De nombreuses incertitudes subsistent encore sur le calcul de telles émissions (Liousse et al., 2010 ; Mieville et al., 2010), et c’est en Afrique que les écarts sont les moindres (Mieville et al., 2010). Pour les facteurs d’émissions, de nombreuses études expérimentales ont fourni des valeurs de facteurs d’émissions selon le type de végétation brûlée (Michel et al., 2005 ;

29 Liousse et al., 2004 ; Andreae and Merlet, 2001). Cependant, certains écosystèmes demeurent encore peu caractérisés (par exemple, la végétation méditerranéenne). Des études d’inter comparaisons entre plusieurs inventaires ont eu lieu ces 3 dernières années (Granier et al., 2010 ; Stroppiana et al., 2010, Tummon et al., 2010) pour tester les incertitudes liées à la détermination de quantité de biomasse brûlée (M). La quantité de biomasse est calculée en tenant compte de la surface brûlée (A), de la densité de biomasse (B), de la fraction de biomasse au-dessus de la surface du sol (α) et de l’efficacité de brûlage (β), selon la relation :

M = A * B * α * β

L’estimation du paramètre A (surface brûlée) a été améliorée dans les années 1995 par l’utilisation de données satellites, qualitativement à l’aide de cartes de pixels de feux issues des données des radiomètres ATSR (ESA) et AVHRR (Advanced Very High Resolution Radiometer) (Cooke et al., 1996), puis quantitativement par l’utilisation des cartes de surfaces brûlées (Ito and Penner, 2005 ; Michel et al., 2005, Boschetti et al., 2004 ; Hyer et Reid, 2009).

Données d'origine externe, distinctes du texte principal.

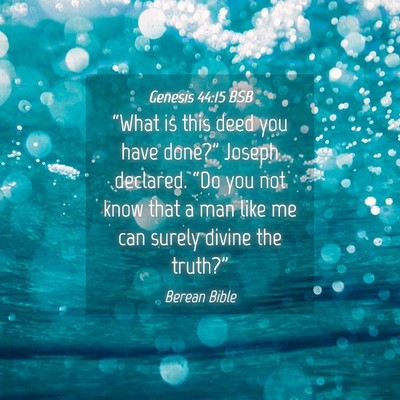 Picture 04 - Genesis 44:15 BSB - “What is this deed you have done?” Joseph - Bible Verse Picture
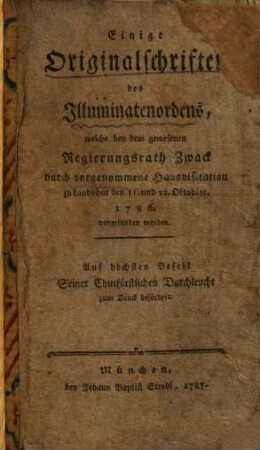Einige Originalschriften des Illuminatenordens : Welche bey d. gewesenen Regierungsrath Zwack durch vorgenommene Hausvisitation zu Landshut d.11. u.12. Okt.1786 vorgefunden worden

Le choix du paramètre B (densité de biomasse) est également sources d’incertitudes, peu de mesures étant disponibles. Généralement on a recours à des cartes de classes de végétation et à leur paramètres associés (densité de biomasse, efficacité de brûlage…), comme par exemple les cartes UMD (Hansen et al., 2000) et GLC2000 (Bartholomé and Belwarfd, 2005). Il existe une autre approche (Van der Werf et al., 2006) qui utilise le concept de végétation dynamique pour réduire les incertitudes. Des études d’inter comparaison sont en cours pour évaluer (ou comparer) les deux approches. Enfin, une nouvelle approche, encore en cours de développement, permet de réduire les incertitudes sur la détermination des quantités de biomasse brûlée à partir des données satellites de FRP (Fire Radiative Power). Cette dernière fournit une information sur l’activité des grands feux visibles par satellite, directement corrélée à la quantité de biomasse brûlée (Roberts et al., 2005 ; Wooster et al., 2005).

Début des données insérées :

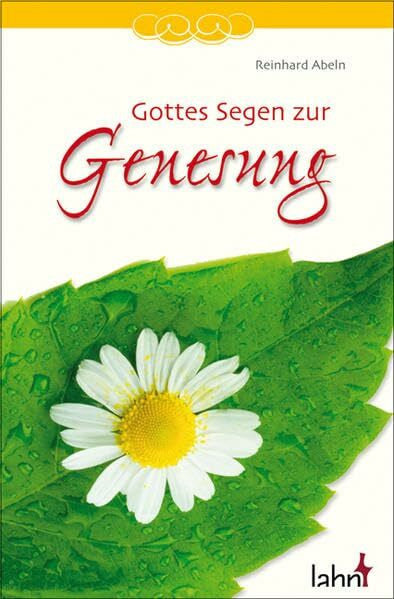 Abeln, Reinhard Gottes Segen zur Genesung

Notons que pour l’Afrique, il a été montré par différentes études de modélisation, utilisant les données d’entrée des différents inventaires des feux de biomasse, que l’inventaire AMMABB (AMMA Biomass Burning) développé à partir des données L3JRC et de la carte GLC pour les années 2000-2006 (Liousse et al., 2010) donnait des résultats satisfaisants par rapport à d’autres inventaires existants (Tummon et al., 2010 ; Barret et al., 2010 ; Jason et al., 2010 ; Liousse et al., 2010).

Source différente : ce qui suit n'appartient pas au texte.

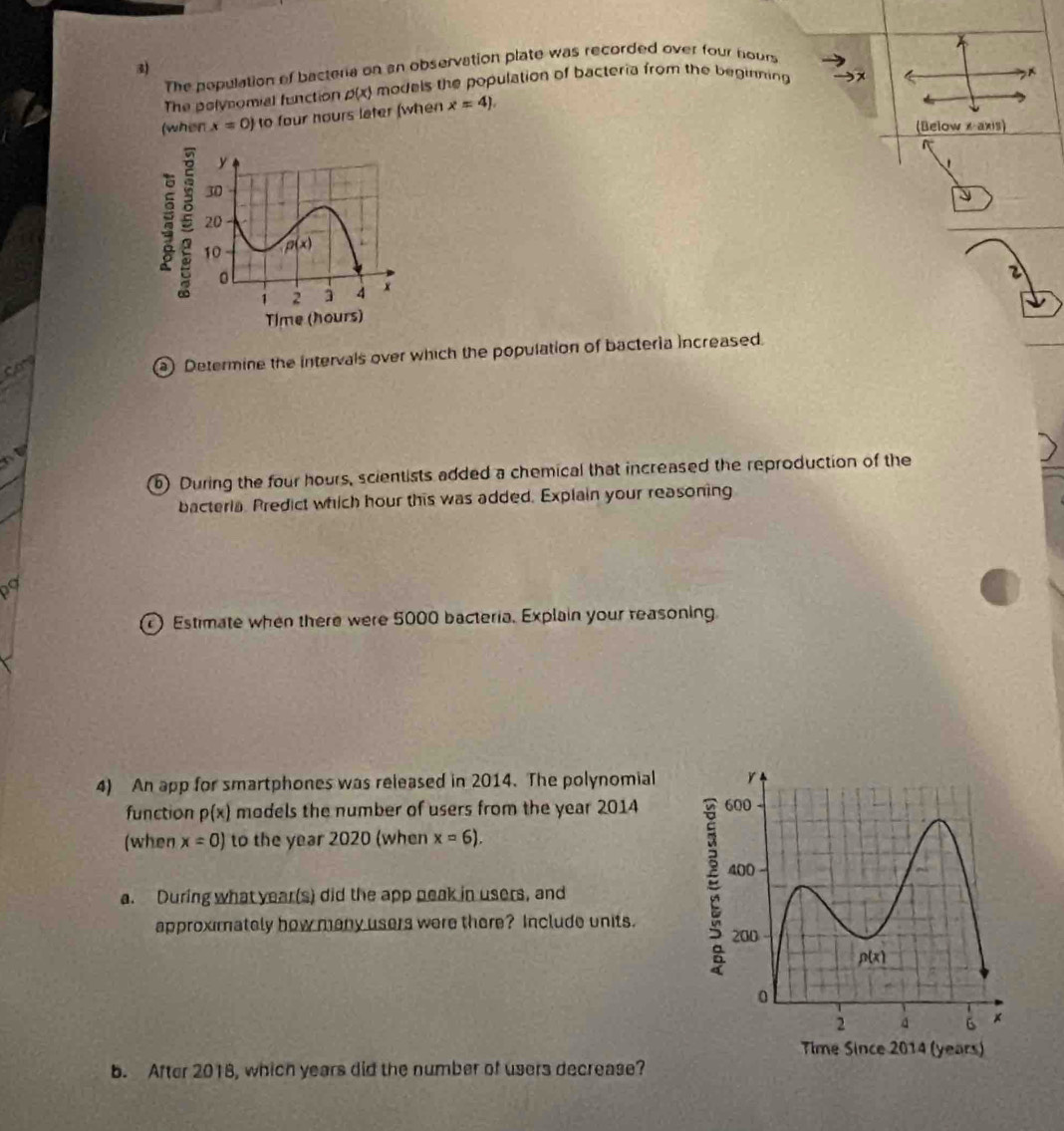 The population of bacteria on an observation plate was recorded over four nours
The polynomial function p(x) models the population of bacteria from the beginning 
(when x=0) to four hours later (when x=4).
(Below x axis)
 
2
a) Determine the intervals over which the population of bacteria increased.
b) During the four hours, scientists added a chemical that increased the reproduction of the
bacteria. Predict which hour this was added. Explain your reasoning
Estimate when there were 5000 bacteria. Explain your reasoning
4) An app for smartphones was released in 2014. The polynomial
function p(x) models the number of users from the year 2014 
(when x=0) to the year 2020 (when x=6).
a. During what year(s) did the app neak in users, and
approximately how many users were there? Include units. 
b. After 2018, which years did the number of users decrease?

Dans le chapitre 5 de ce manuscrit, pour le bilan émission-dépôt de l’azote atmosphérique, nous allons calculer les émissions de NOx et de NH3 par les combustions de

30 biomasse à partir des données satellites des surfaces brûlées (L3JRC) (Liousse et al., 2010), dérivées des données du capteur végétation SPOT-VGT et de la carte de végétation GLC (Global Land Cover).